There is no word yet on whether Zelensky will succeed in securing that which he really covets – a green light from the White House and Downing Street to begin launching Western-supplied long-range missiles at targets on Russian soil.

But there are rumours the long-awaited approval could soon come, with US President Joe Biden set to meet British Prime Minister Sir Keir Starmer in Washington on Friday. 

Meanwhile, American officials are said to be finalising a plan to ease restrictions on the use of US-donated missiles by Ukraine’s Armed Forces, according to sources cited by Politico

If Ukraine’s Western allies lift the ban, Kyiv’s soldiers will soon be able to strike Russian military assets as deep as 300km (190 miles) inside Russia with the likes of the US ATACMS and Anglo-French Storm Shadow missiles – a capability that could significantly impact the course of the conflict. 

The Institute for the Study of War, a US think-tank, last month established a list of nearly 250 high value military and paramilitary targets within range of the weapons that could be demolished by Ukraine. 

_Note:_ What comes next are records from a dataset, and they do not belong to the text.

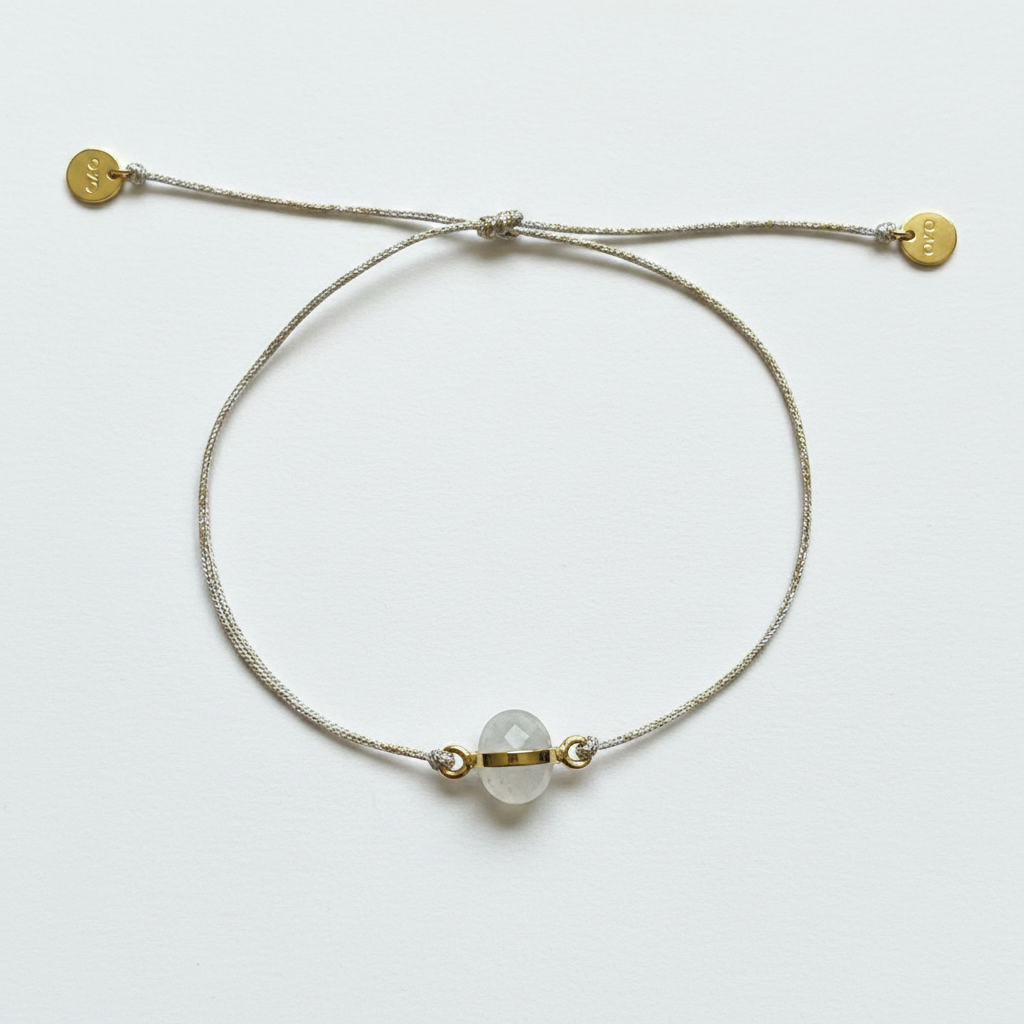 BRACELET MARTIA LABRADORITE BLANCHE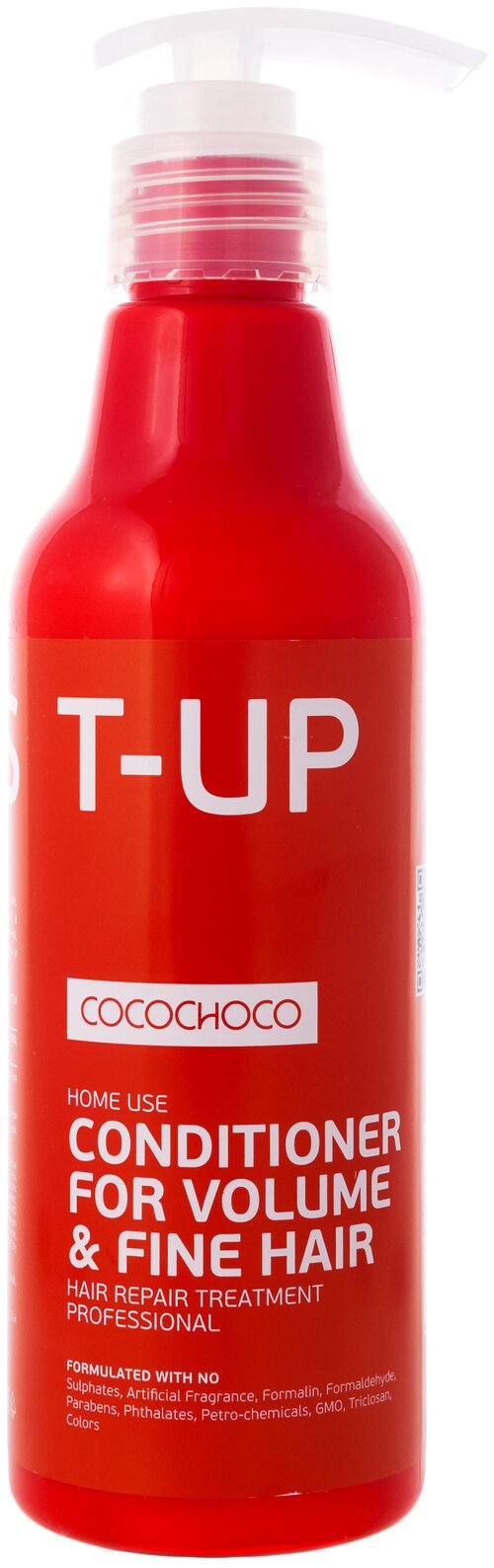 CocoChoco кондиционер Boost-Up Conditioner for Volume & Fine Hair для тонких, лишенных объема волос, 250 мл
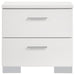 Felicity - 2-Drawer Nightstand - Glossy White - Simple Home Plus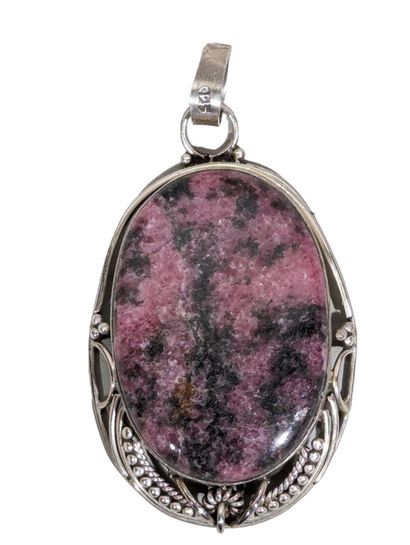 Pendentif en argent 925/°° à décor d'une...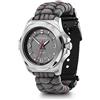 Victorinox Orologio Donna I.N.O.X. V Ø 37 mm, Swiss Made, Quarzo Analogico, Impermeabile fino a 100 m, Vetro Zaffiro, Cinturino in Paracord, Grigio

Army Tactical Missile System (ATACMS) are coveted by Kyiv as they can strike deep into Russian held territory

Army Tactical Missile System (ATACMS) are coveted by Kyiv as they can strike deep into Russian held territory 

Among the main targets laid out by the ISW include as many as 16 Russian air bases, a slew of brigade and division headquarters, artillery and missile units central to Russia’s air defence capabilities, and a variety of logistics hubs supplying Vladimir Putin’s units on the frontlines. 

Targeting these sites could cripple Russian logistics, command, and combat support, significantly reducing Moscow’s offensive capabilities in occupied Ukrainian territory​ – even if Putin’s troops redeploy most strategic bombing aircraft further east. 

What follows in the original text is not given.